*What is required*: Excluding pictures, retype exactly the lines from the one with "ferme (tte) de 4 pièces principales" through the end of the records that follow.

*Source information*:
▼
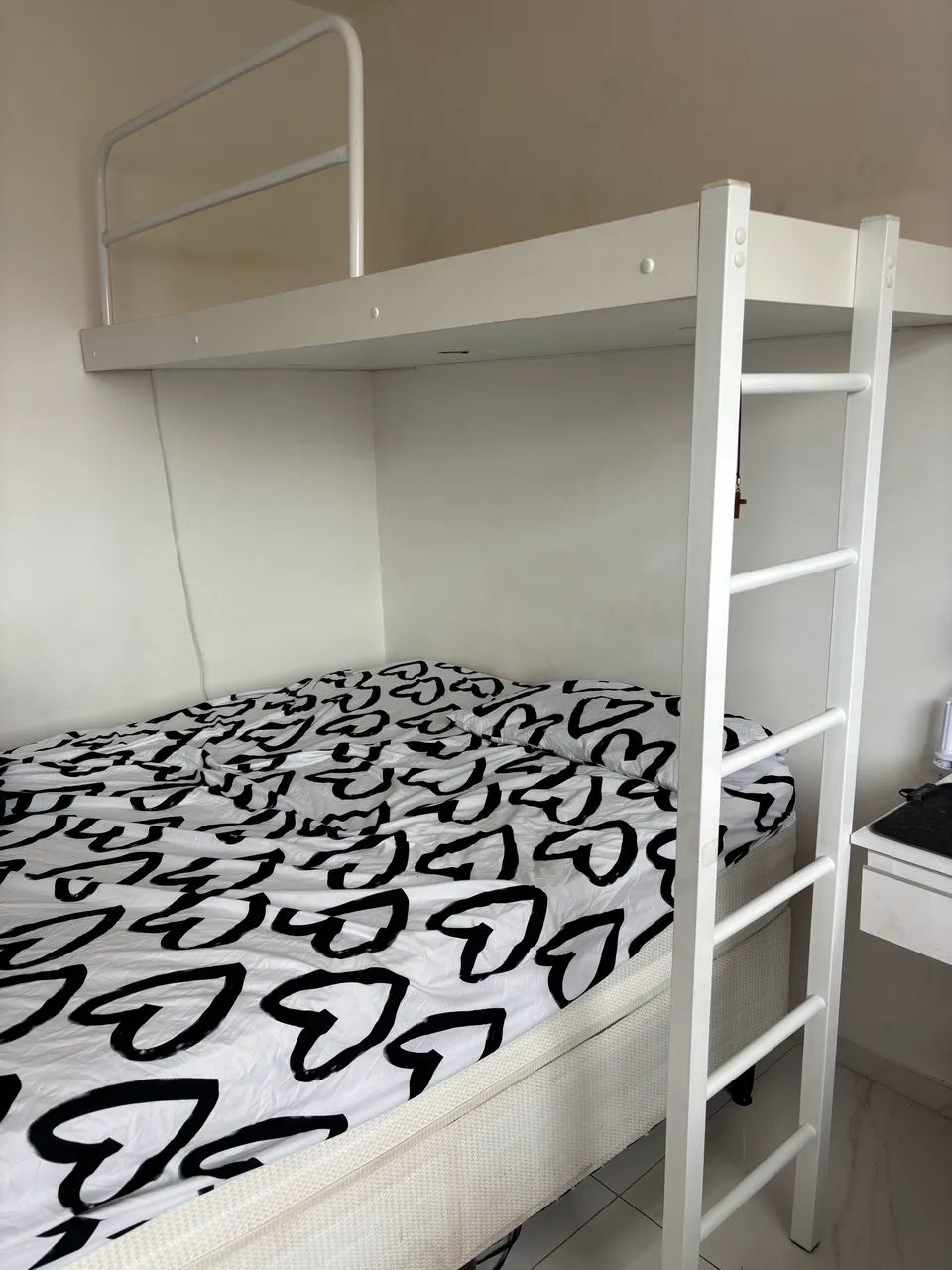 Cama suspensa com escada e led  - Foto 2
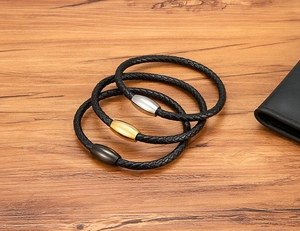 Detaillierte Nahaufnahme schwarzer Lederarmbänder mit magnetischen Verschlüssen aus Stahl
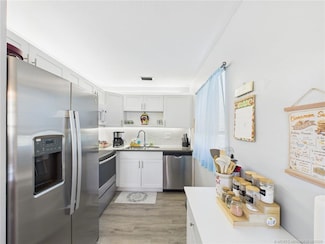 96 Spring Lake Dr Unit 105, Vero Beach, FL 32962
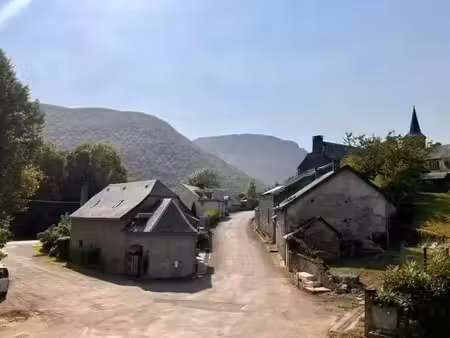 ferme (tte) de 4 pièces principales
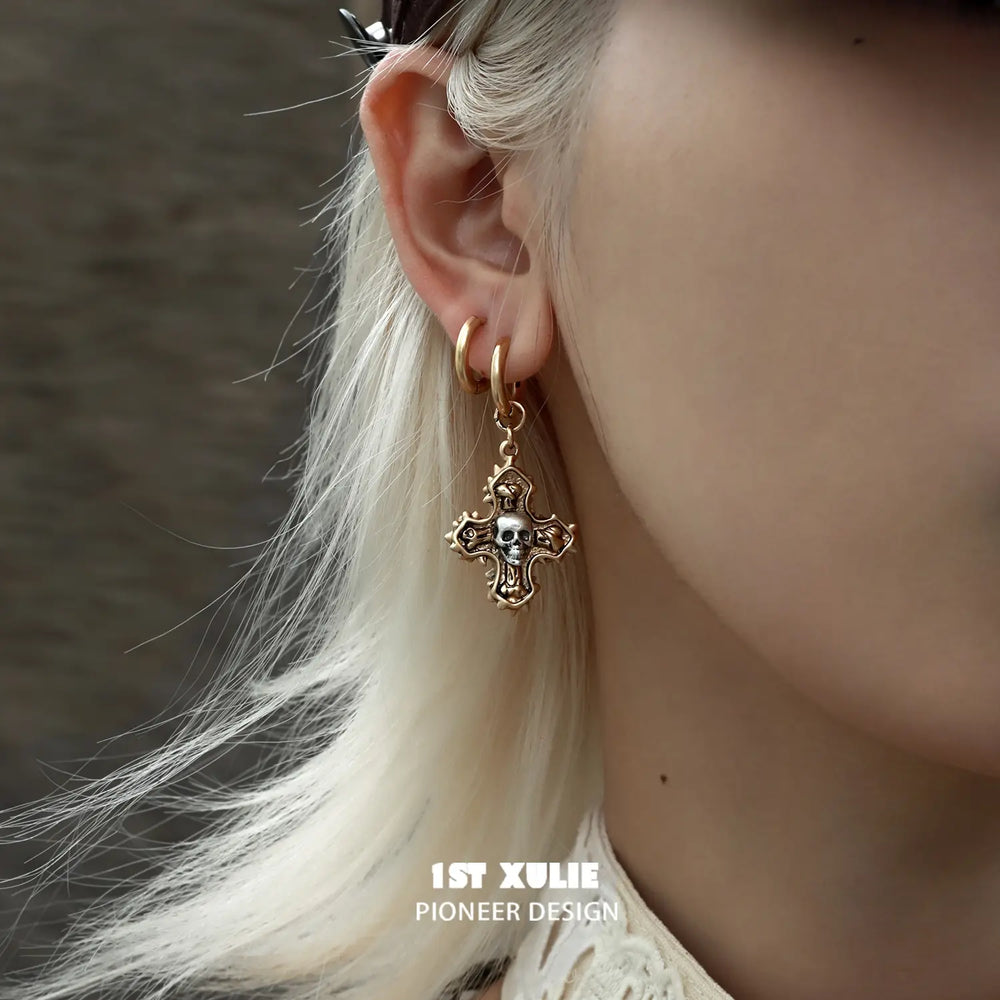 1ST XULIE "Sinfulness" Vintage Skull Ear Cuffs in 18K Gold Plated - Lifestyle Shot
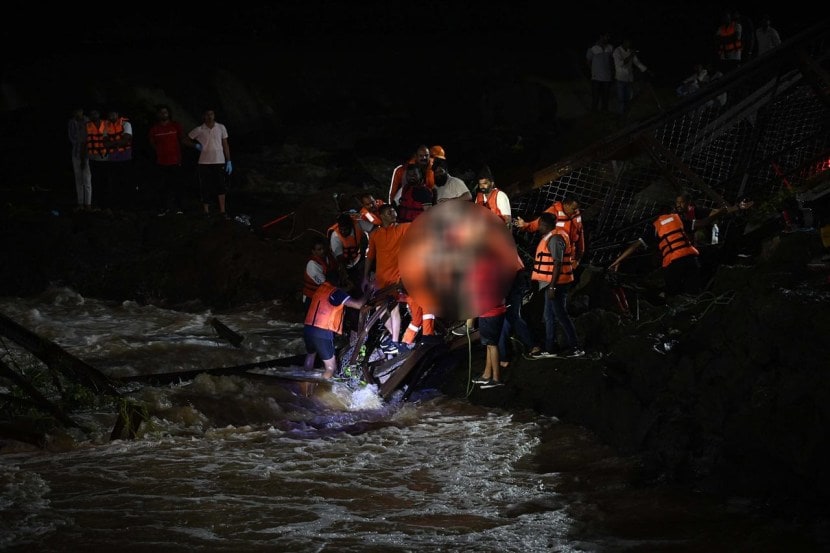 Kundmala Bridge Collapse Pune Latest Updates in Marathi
▲
*Exercise solution*:
 ferme (tte) de 4 pièces principales
 1ST XULIE "Sinfulness" Vintage Skull Ear Cuffs in 18K Gold Plated - Lifestyle Shot
 Kundmala Bridge Collapse Pune Latest Updates in Marathi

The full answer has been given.